HAÏTI / FORMATION DU CEP
« Les élections ne sont pas possibles dans ce contexte de crise sécuritaire aigüe », estime l’ANMH
L’Association nationale des médias haïtiens (ANMH,) à travers une correspondance adressée au Premier ministre Ariel Henry en date du 24 avril 2023, dit décliner l’invitation relative à la mise en place du prochain Conseil électoral provisoire (CEP). Pour cette structure, l’environnement sécuritaire n’est pas favorable à la tenue d’élections au pays. « On ne peut pas jouer à la politique de l’autruche alors que les choses se détériorent. La Police nationale d’Haïti peine à accomplir correctement sa mission. L’ANMH ne peut pas marcher dans cette logique irréalisable », a déclaré Jacques Sampeur.
« Après consultations internes, L’ANMH a convenu de ne pas prendre part à cette initiative et a choisi de décliner votre invitation. L’argument de la majorité de nos membres est que la question de l’insécurité qui affecte la vie nationale, de toute évidence, échappe au contrôle de votre gouvernement. À notre avis, organiser des élections dans un tel contexte est tout simplement irréaliste. Par ailleurs, nous restons fermement attachés aux prescrits de notre Constitution sur la manière de former le Conseil électoral. Aussi, ne comprenant pas le bien-fondé de la nouvelle formule adoptée par votre gouvernement, nous avons opté pour rester en dehors de ce nouveau processus », peut-on lire dans la note de l’Association nationale des médias haïtiens portant la signature de son président, Jacques Sampeur.

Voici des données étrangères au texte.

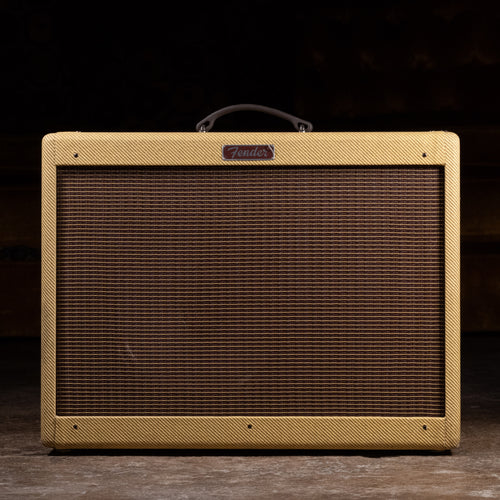 2010 Fender Blues Deluxe Reissue Guitar Combo Amplifier w/ Slipcover and Foot Switch - Used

Selon Jacques Sampeur, le gouvernement est absent, le pays est comparé comme un bateau sans capitaine et sans équipages. Nous ne sommes pas dans une polarisation extrémiste, mais la situation doit être améliorée pour se pencher vers les joutes électorales honnêtes et démocratiques, a tenu a faire savoir le journaliste senior. La population doit se réveiller, la peur doit changer de camp. L’inacceptable ne doit pas être accepté. L’état est absent, le gouvernement n’a pas le contrôle du pays et nous faisons face aujourd’hui à la vengeance populaire. Cela doit changer. Nous avons besoin de vrais leaders pour mener à bien la barque du pays, a-t-il poursuivi lors d’une interview accordée au quotidien Le National ce mercredi 26 avril 2023.